## [PROBLEM TO WORK ON]
Your answer must hold only the lines below from the line containing "Imagen de apoyo" through the line containing "Live Bola Malam Ini Indonesia Vs Irak 2024", each reproduced exactly.

━━━━━ DATA EXTRACTS

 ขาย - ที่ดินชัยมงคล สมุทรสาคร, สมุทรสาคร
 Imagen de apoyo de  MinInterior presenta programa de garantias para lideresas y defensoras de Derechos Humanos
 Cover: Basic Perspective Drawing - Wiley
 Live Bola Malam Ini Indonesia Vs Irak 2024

━━━━━━━━━━
━━━━━ DATA EXTRACTS

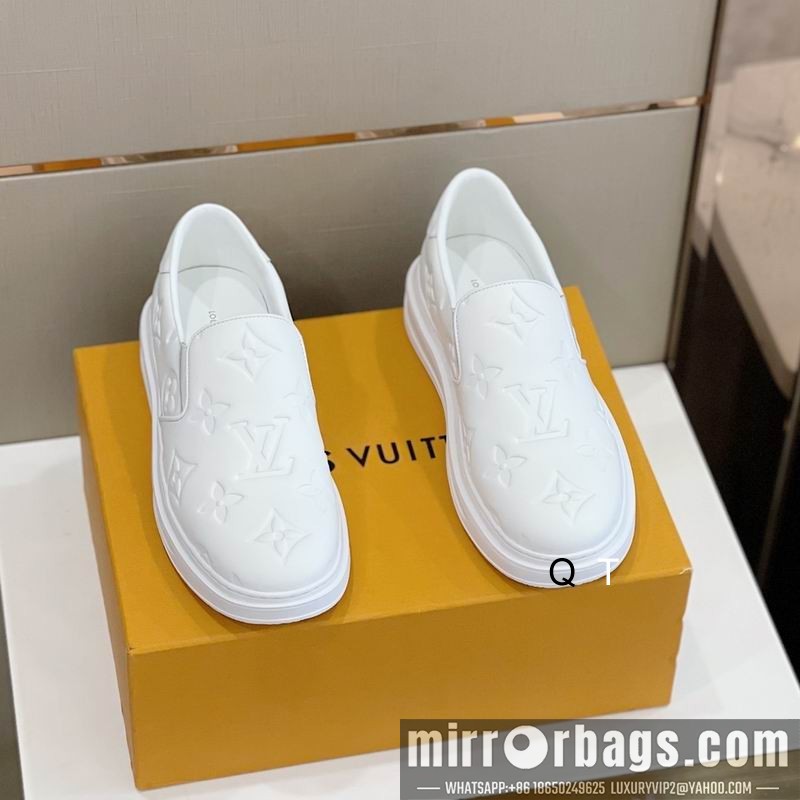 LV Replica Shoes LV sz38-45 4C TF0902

━━━━━━━━━━

## [FINISHED TASK]
 Imagen de apoyo de  MinInterior presenta programa de garantias para lideresas y defensoras de Derechos Humanos
 Cover: Basic Perspective Drawing - Wiley
 Live Bola Malam Ini Indonesia Vs Irak 2024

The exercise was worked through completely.